La mirada de Elkin Restrepo no se da sobre las cosas -el anhelo de pensar que el viejo orden del mundo puede ser sustituido- sino sobre el desencadenamiento de algo fundamental: las emociones, esas calladas respuestas de nuestro yo frente a lo que lo apabulla o lo conmueve según un nuevo pénsum de sentimientos.  Aquí aparece en Restrepo un elemento que está más explícito en sus narraciones: el cinismo.  Profilaxis que nos permite no sucumbir, repito, ante la opacidad de los lenguajes establecidos y ante el sistema de objetos impuesto por el poder de turno.  Pero de estas conclusiones íntimas aparecen por fortuna excluidos dos elementos que en el siglo anterior condujeron a muchos poetas a lo peor: la Historia y la Teología.

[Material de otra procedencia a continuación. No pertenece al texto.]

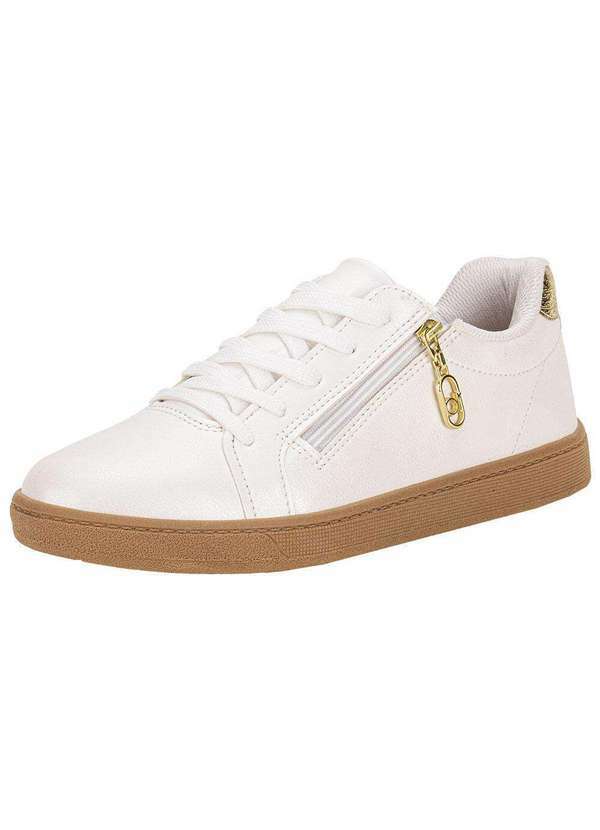 Beira Rio - Tênis Feminino Casual Beira Rio 4313109 Branco/Dourado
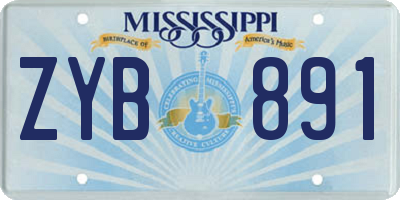 MS license plate ZYB891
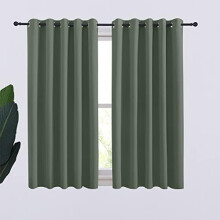 Blackout Curtains with Silver Grommets, 34" x 60", Set of 2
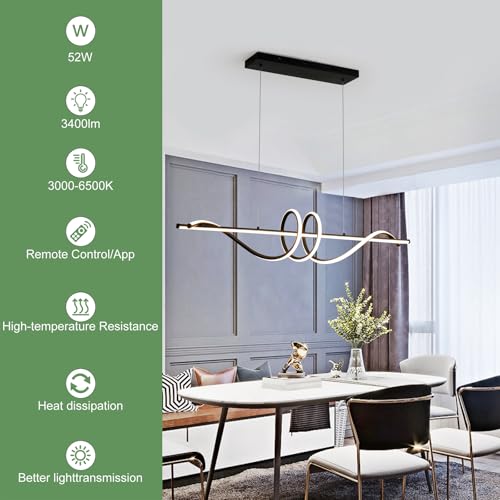 Modern LED Chandelier (39in/Black/Wave/52W-Dimmable)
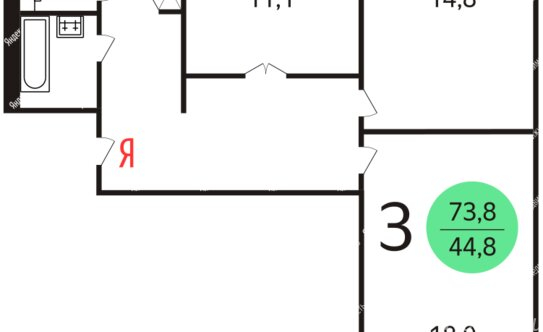 Аренда 3-комн квартиры на вторичном рынке Чукотский проезд,  д. 2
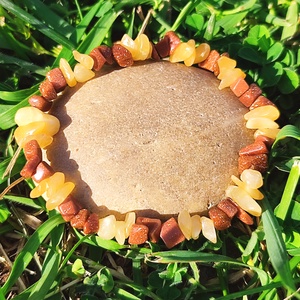 Homokkő - méz kalcit ásványkarkötő, Ékszer, Karkötő, Ásványkarkötő, Ékszerkészítés, MESKA
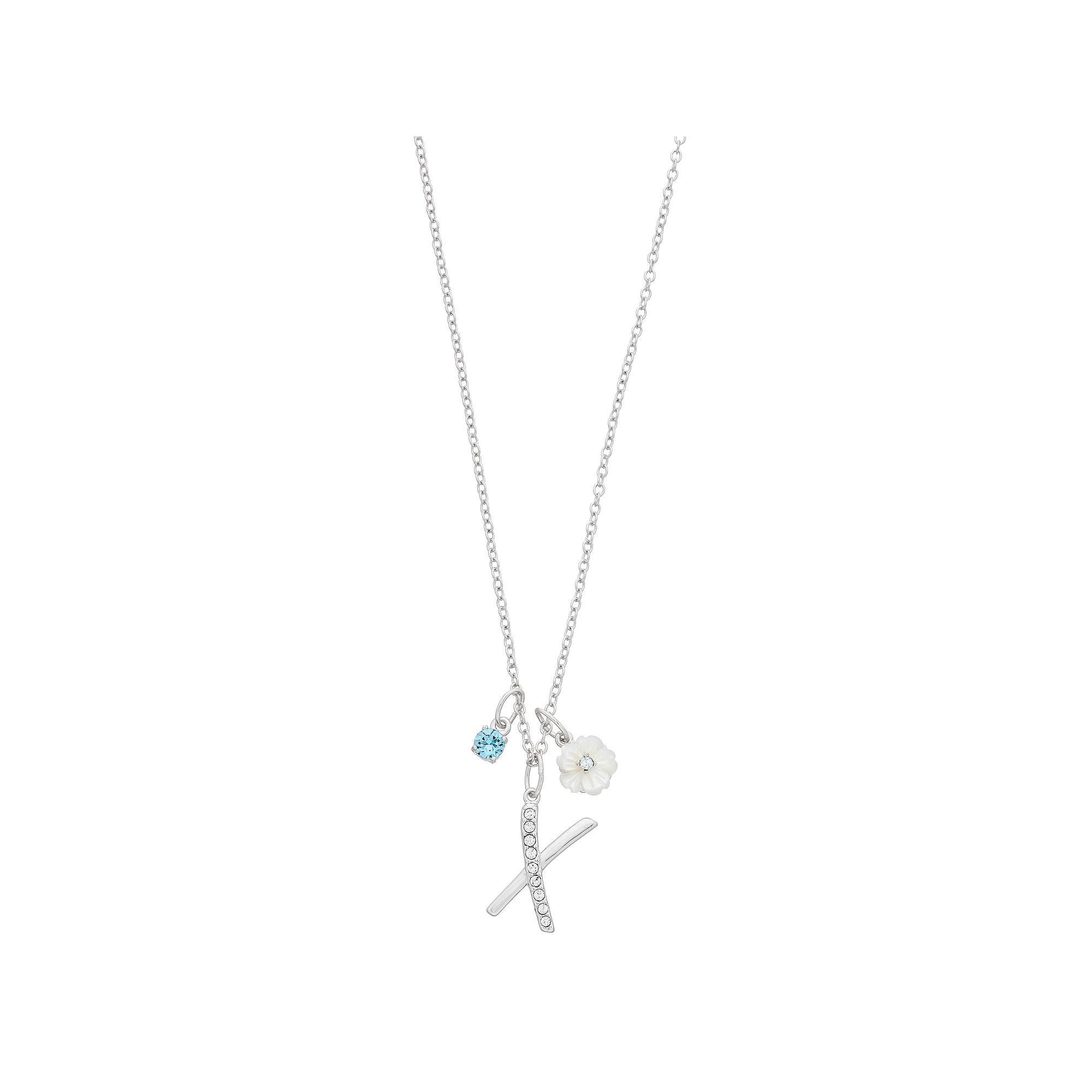 Brilliance Mother-of-Pearl Flower & Initial Pendant Necklace, Womens U Product Image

El cínico aparentemente conoce por anticipado lo que va a suceder y sin embargo  en su mirada en lugar del oscuro pesimismo aparece lo contrario: la pietas que el sentimiento desnuda por el cual recrea la confianza, se afirma, sin doctrinas al uso, la necesidad de que es necesario crear -no tener- un comienzo.  ¿Quién se va no vuelve? ¿Cuál es la profundidad de este hábito que nace con la mañana y me construye como ciudadano? ¿Huésped o pasajero de un espacio que ni siquiera mi costumbre logró significar? ¿Para quién -como el niño que nunca dejaré de ser-abro la puerta? ¿Asechanzas de un espectro, geografías inventadas pero tan reales como mi zozobra?  Lo importante es que la desnudez es ascésis y el repentino balance de vida no es confesión procaz de lo que supuestamente nos fue negado por la vida sino decisión donde el espanto ha sido conjurado por la fuerza del verso.  Pero; han sido conjuradas la desdicha, la infelicidad? La poesía como lo pone de presente Restrepo no es una terapia ni un milagroso fármaco para recuperar las fuerzas perdidas ante ingenuas batallas, la poesía es el invisible espacio donde nos reconocemos en esa desdicha y en esa infelicidad y hay poetas -advertencia para el lector que se inicia- que confunden sus propias desdichas con la derrota del género humano.  Aquí la advertencia exige de nosotros algo olvidado ante la posmoderna procacidad: la modestia y el silencio o sea el pudor.  Quien cambió fue la vida y la poesía -una vez más- ha salido a buscarla.